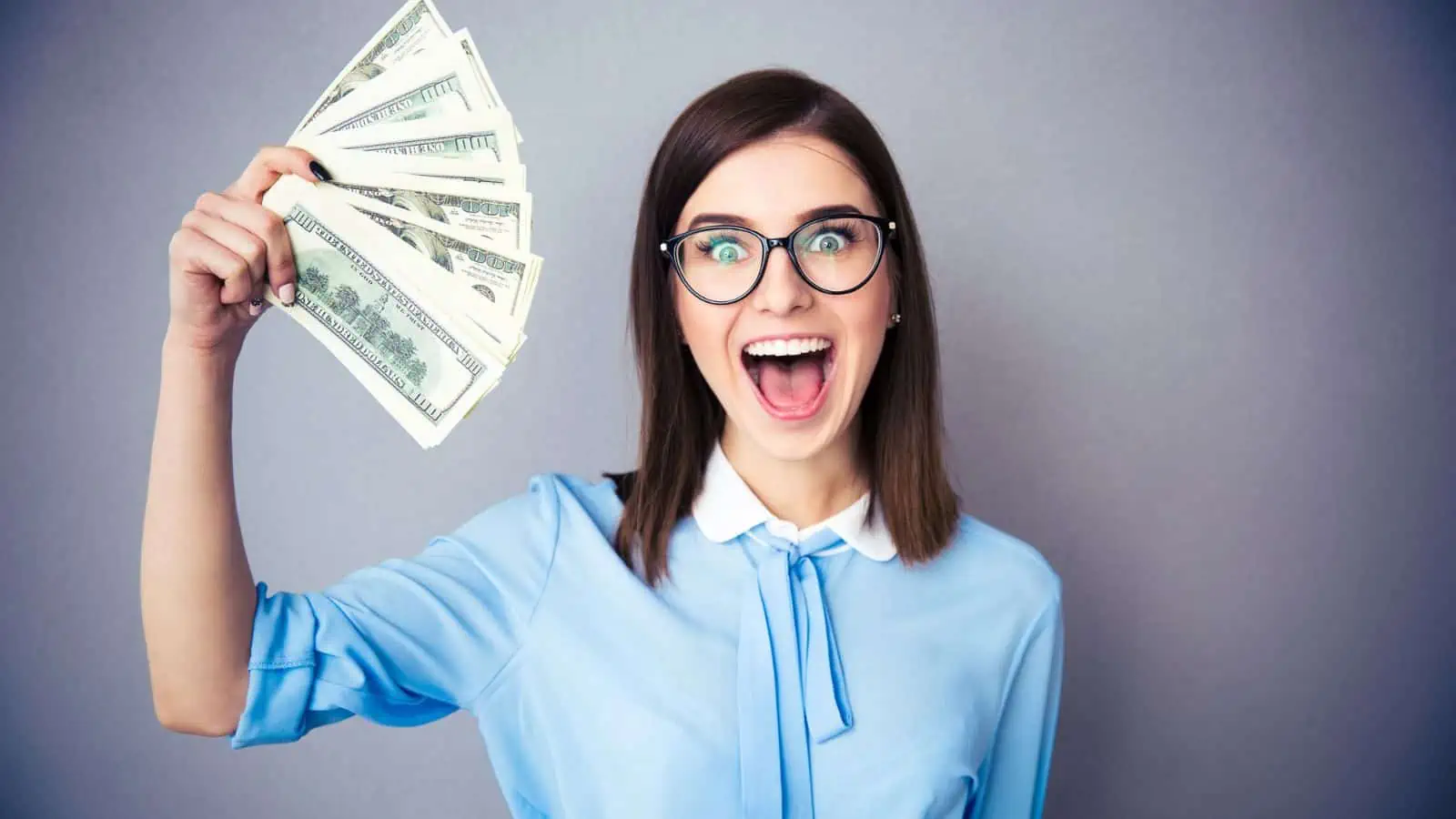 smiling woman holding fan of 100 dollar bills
---
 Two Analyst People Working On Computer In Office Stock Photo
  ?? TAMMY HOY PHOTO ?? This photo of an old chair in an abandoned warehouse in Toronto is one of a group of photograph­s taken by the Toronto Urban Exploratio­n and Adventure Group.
==
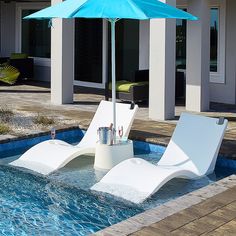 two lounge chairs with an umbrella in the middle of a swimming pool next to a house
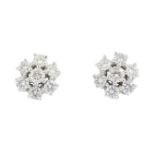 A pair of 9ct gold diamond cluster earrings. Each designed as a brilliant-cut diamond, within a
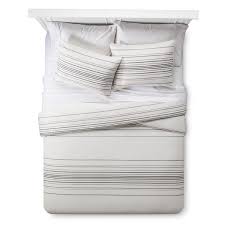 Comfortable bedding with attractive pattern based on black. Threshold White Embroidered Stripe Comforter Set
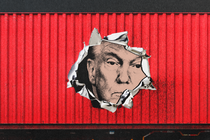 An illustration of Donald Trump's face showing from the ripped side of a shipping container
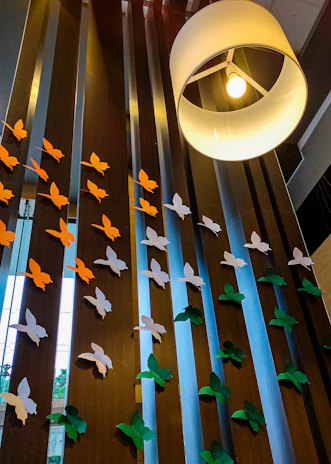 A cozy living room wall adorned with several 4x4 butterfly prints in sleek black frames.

- _What you will do_
Each line from the one that contains "Comfortable bedding with" down to the one that contains "A cozy living" is to be returned exactly as it stands above, both ends included, with pictures removed.

- _Exercise response_
 Comfortable bedding with attractive pattern based on black. Threshold White Embroidered Stripe Comforter Set
 An illustration of Donald Trump's face showing from the ripped side of a shipping container
 A cozy living room wall adorned with several 4x4 butterfly prints in sleek black frames.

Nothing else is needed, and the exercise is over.